◆ Task directions:
Only the lines of the listing below that run from the line with "Alien Spaceship UFO" through the line with "Stone Earring Set" are to be set down, word for word. Pictures stay out.

◆ Material for this task:
[Start of section]

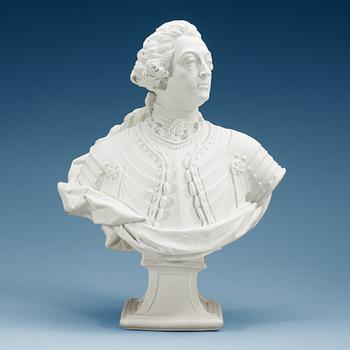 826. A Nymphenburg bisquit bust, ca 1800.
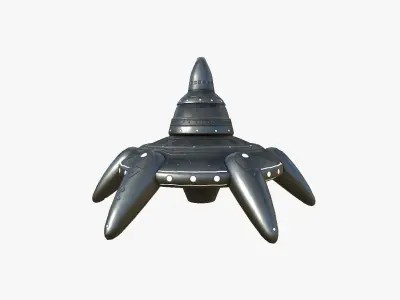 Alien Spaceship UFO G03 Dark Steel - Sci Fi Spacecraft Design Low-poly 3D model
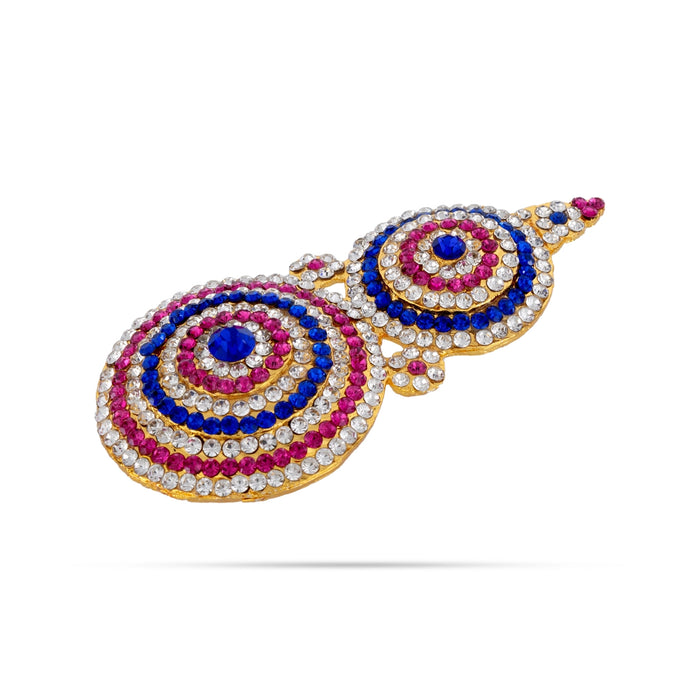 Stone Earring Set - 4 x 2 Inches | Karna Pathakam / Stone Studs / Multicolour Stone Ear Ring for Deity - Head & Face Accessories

[End of section]
[Start of section]

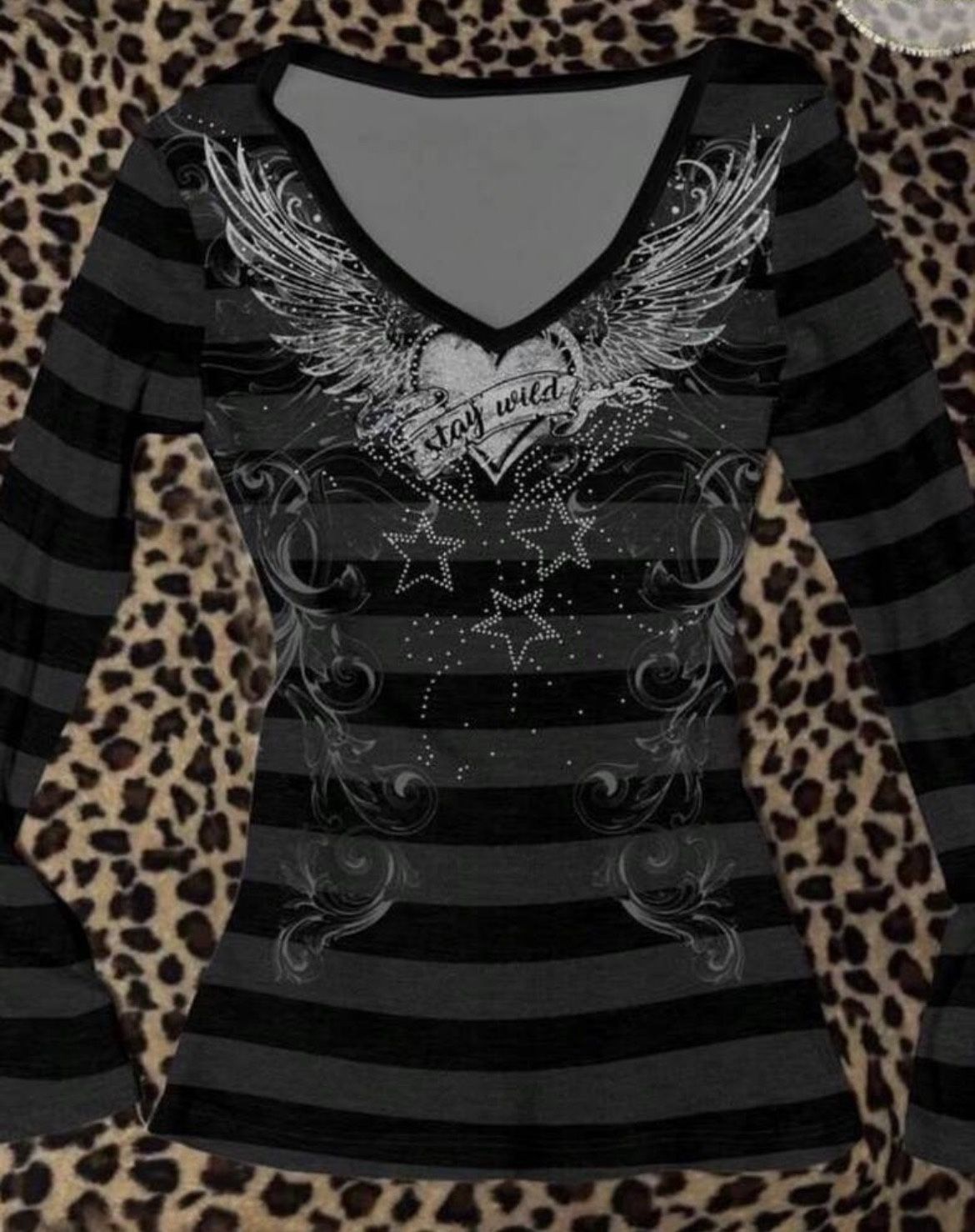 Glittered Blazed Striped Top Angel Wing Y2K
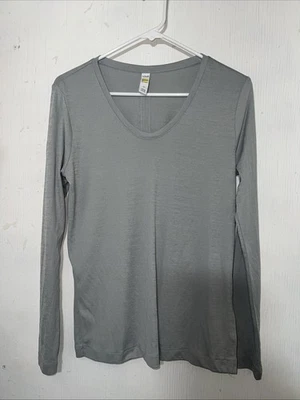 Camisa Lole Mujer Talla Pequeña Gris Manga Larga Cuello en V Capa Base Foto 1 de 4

[End of section]
[Start of section]

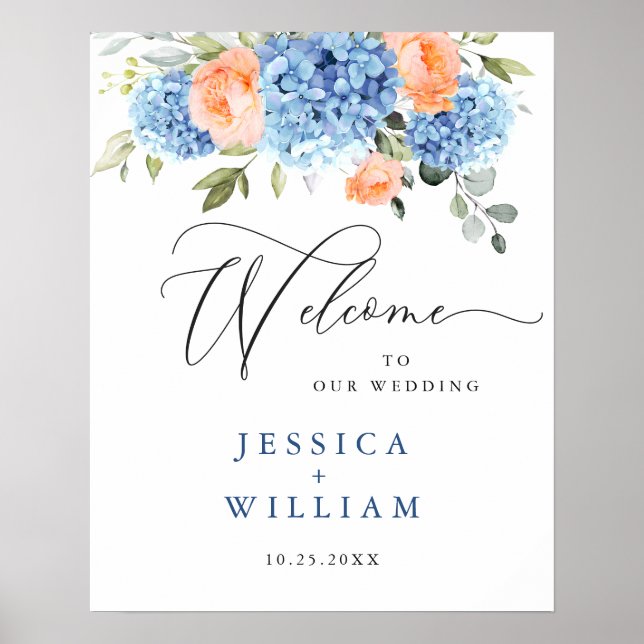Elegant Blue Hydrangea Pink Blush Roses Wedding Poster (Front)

[End of section]

◆ Answer for the task:
 Alien Spaceship UFO G03 Dark Steel - Sci Fi Spacecraft Design Low-poly 3D model
 Stone Earring Set - 4 x 2 Inches | Karna Pathakam / Stone Studs / Multicolour Stone Ear Ring for Deity - Head & Face Accessories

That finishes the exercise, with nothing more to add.